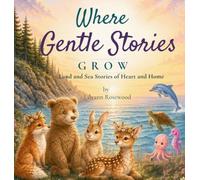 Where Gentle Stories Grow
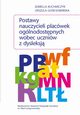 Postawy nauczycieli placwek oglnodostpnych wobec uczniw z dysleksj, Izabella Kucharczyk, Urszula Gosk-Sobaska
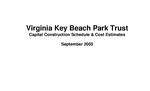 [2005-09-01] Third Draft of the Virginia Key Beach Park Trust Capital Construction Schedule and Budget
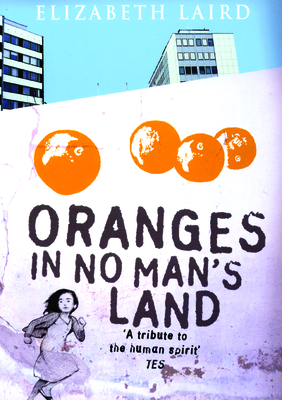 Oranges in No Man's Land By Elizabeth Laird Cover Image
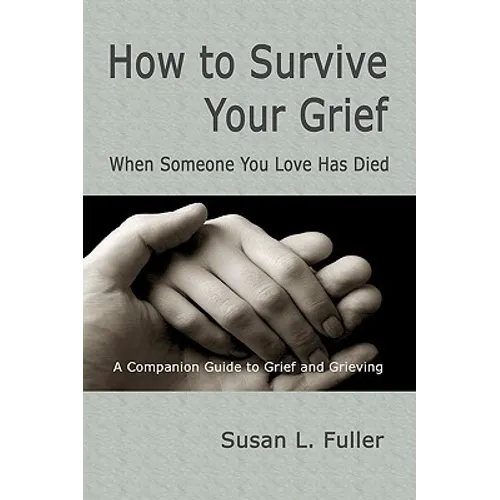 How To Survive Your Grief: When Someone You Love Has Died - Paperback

━━━━━━━━━━━━━━━━

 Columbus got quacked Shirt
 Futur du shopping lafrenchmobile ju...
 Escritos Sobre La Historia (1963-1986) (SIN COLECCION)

━━━━━━━━━━━━━━━━

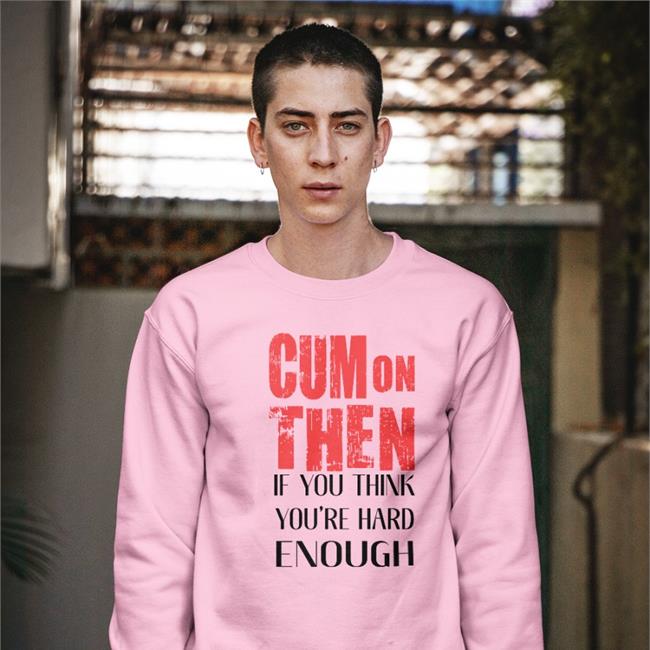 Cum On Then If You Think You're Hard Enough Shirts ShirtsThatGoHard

━━━━━━━━━━━━━━━━

## Work task
Leave out every picture, and copy exactly the lines above starting at the one holding "Where Gentle Stories Grow" and ending at the one holding "How To Survive", no more and no less.

## The completed task
 Where Gentle Stories Grow
 Postawy nauczycieli placwek oglnodostpnych wobec uczniw z dysleksj, Izabella Kucharczyk, Urszula Gosk-Sobaska
 [2005-09-01] Third Draft of the Virginia Key Beach Park Trust Capital Construction Schedule and Budget
 Oranges in No Man's Land By Elizabeth Laird Cover Image
 How To Survive Your Grief: When Someone You Love Has Died - Paperback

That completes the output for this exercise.